Nelle mie ricerche sulla storia della città ho trovato un volumetto di che raccontava della Torino romana. E’ stato allora che ho scoperto con sorpresa della Triade Capitolina – siamo in piena area archeologica, in effetti la Porta Palatina è lì vicino – e di come i tre antichi templi romani siano in un certo senso le fondamenta delle tre chiese che a loro volta sono le basi dell’attuale Duomo.
Anche qui mi ha affascinato quello che c’era ed era grandioso un tempo e che poi, anno dopo anno dopo anno, è stato dimenticato per sempre.
Qual è il tuo rapporto con Torino?
E’ una città che amo immensamente, perché è colta, creativa, piena di sorprese e non si fa abbattere.
A quelli che dicono ‘a Torino inventate sempre cose nuove e sempre ve le lasciate rubare’ io rispondo: “Non c’è problema. Ne inventeremo delle altre.”
E poi è una città elegante, discreta e che permette alle idee di correre e costruire cattedrali di sogni .
E storie, come la mia, che nel loro piccolo, vogliono celebrarne la bellezza e il mistero.
Immagina una trasposizione cinematografica del tuo racconto. Quali attori ti piacerebbe interpretassero i tuoi personaggi?

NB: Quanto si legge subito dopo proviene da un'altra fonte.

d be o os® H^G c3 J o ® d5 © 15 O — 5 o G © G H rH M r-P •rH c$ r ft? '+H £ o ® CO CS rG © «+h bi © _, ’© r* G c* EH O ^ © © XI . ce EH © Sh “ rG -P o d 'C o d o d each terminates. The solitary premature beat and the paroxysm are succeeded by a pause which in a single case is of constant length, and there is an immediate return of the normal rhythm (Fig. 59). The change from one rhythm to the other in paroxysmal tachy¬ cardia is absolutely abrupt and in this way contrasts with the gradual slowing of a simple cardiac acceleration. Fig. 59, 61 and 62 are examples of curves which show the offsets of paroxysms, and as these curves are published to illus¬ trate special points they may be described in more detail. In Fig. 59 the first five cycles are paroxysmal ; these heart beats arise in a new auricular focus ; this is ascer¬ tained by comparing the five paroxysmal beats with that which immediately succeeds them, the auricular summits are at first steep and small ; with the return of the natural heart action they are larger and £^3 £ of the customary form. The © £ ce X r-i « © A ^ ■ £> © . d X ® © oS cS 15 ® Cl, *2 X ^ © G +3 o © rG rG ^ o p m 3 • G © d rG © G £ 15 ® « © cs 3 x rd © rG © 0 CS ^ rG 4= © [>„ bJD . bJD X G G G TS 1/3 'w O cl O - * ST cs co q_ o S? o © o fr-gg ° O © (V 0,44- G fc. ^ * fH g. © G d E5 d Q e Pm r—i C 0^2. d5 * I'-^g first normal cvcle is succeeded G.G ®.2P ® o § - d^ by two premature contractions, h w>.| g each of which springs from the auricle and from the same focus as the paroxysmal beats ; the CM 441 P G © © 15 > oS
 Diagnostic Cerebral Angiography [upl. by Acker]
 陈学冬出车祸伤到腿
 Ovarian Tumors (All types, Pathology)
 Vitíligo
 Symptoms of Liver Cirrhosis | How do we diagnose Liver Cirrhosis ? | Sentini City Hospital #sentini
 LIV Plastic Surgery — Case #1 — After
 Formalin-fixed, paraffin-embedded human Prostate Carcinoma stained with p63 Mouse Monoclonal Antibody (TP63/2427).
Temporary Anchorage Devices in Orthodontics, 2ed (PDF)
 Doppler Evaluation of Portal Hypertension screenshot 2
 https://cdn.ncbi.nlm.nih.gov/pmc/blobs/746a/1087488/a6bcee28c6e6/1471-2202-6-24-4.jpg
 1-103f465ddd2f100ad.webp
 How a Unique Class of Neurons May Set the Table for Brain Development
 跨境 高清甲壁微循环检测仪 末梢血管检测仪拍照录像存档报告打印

Nel mio immaginario la figura di Sherlock Holmes è indissolubilmente legata a quella di Basil Rathbone, che ne fu interprete sommo in una serie di film tra gli anni trenta e quaranta del novecento, ed è a lui che ho pensato mentre scrivevo il mio racconto.
Ma se dovessi pensare ad un attore contemporaneo credo che sarebbe perfetto Peter Capaldi, un eccezionale attore scozzese che sicuramente darebbe un interpretazione da brivido, visto quanto è bravo.
E visto che stiamo sognando, nella parte di Barle de Foras sarebbe perfetto Daniel Craig, che non è francese ma ha degli incredibili occhi chiari e gelidi che sembrano davvero scrutare il tempo.